WRITING AN OBITUARY
An obituary records our loved one’s story so it can be cherished forever. An obituary pays tribute by saying something about their story and character, which is far more meaningful than a simple death announcement. You can do this by sharing a story from their life, their accomplishments, their hopes and aspirations, their loves and what they mean to you. The best obituaries often talk about all of these parts of a person’s life.
Writing an obituary can feel intimidating and overwhelming. The responsibility of writing about a loved one who has died can be emotionally difficult. You also may worry about forgetting important details or that the obituary won’t fully honor your loved one’s life. This is why pre-planning the obituary is important.
Speaking with a loved one about their life can give you a chance to be insightful about your family history and to reminisce about your loved one who has passed. Some people write their own obituaries ahead of time, adding a personal perspective on their own life story and to share wisdom to friends and family.
Most people write an obituary in the aftermath of your loved one’s passing. The obituary is just one of many things to be done during this emotional and exhausting time.
Funeral directors at a funeral home are also great resources, as they can help with many details related to your loved one’s death, including drafting and publishing the obituary in local newspapers. Check with newspapers for publication deadlines and pricing if you are writing the obituary on your own.
Essential Parts of an Obituary
- Death announcement
- Life story
- List family member
- Memorial/funeral information
- Any charity information
- A photo
Here is a guide on writing an obituary and the important information to include within it. Feel free to be creative, some of the most beautiful obituaries are ones that are unique and don’t necessarily follow the standard structure. However you choose to write your obituary, be sure also include as many of these key details as you can.
1. Announce the death
There are many ways to state that someone has “died” (“passed away”, “passed on”, etc.) so you can choose any expression that you prefer.
There are many meanings behind why you should include the cause of death in the obituary. It informs your community, acknowledges the illness and your loved one’s battle with it. It also reduces the amount of times you are asked for the cause of death.
2. Share their life story
An obituary goes beyond just announcing a death, it gives us the chance to tell their life story. It helps memories of your loved one live on forever in memory. Don’t be afraid to add some humor if it is appropriate! You don’t have to share their entire life story. Just share the highlights, favorite memories, what you will miss the most about that person and what was important to them during their lifetime.
Biographical information you may wish to include in the obituary:
- Date and place of birth, marriage, and death
- Hometown, places lived
- Schools attended, degrees earned
- Places of employment and positions held
- Military service and rank
- Membership in organizations
- Place of worship
- Hobbies or special interests
3. List family members
4. Include funeral or memorial service information
5. Add charity information
Some families may wish to have people donate to a memorial fund to help cover funeral expenses, or for your loved one’s alma mater.
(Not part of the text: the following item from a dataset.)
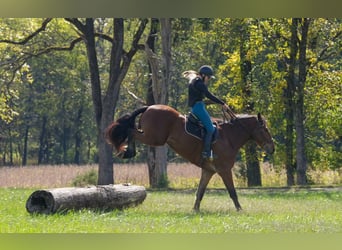 Más caballos centroeuropeos Mestizo, Caballo castrado, 5 años, 175 cm, Castaño rojizo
If your family prefers to have monetary contributions or charitable donations rather than flowers, please include a phrase such as “In lieu of flowers,” followed by “please consider a donation to the American Cancer Society,” “contributions suggested to the family,” or “the family is requesting financial assistance for the services.”
6. Select a photo
If you are working directly with a funeral home, they will be able to assist you in writing the obituary, the photo, and submitting to the newspaper. Keep in mind we will be able to display multiple photos and even a video for the online version of the obituary.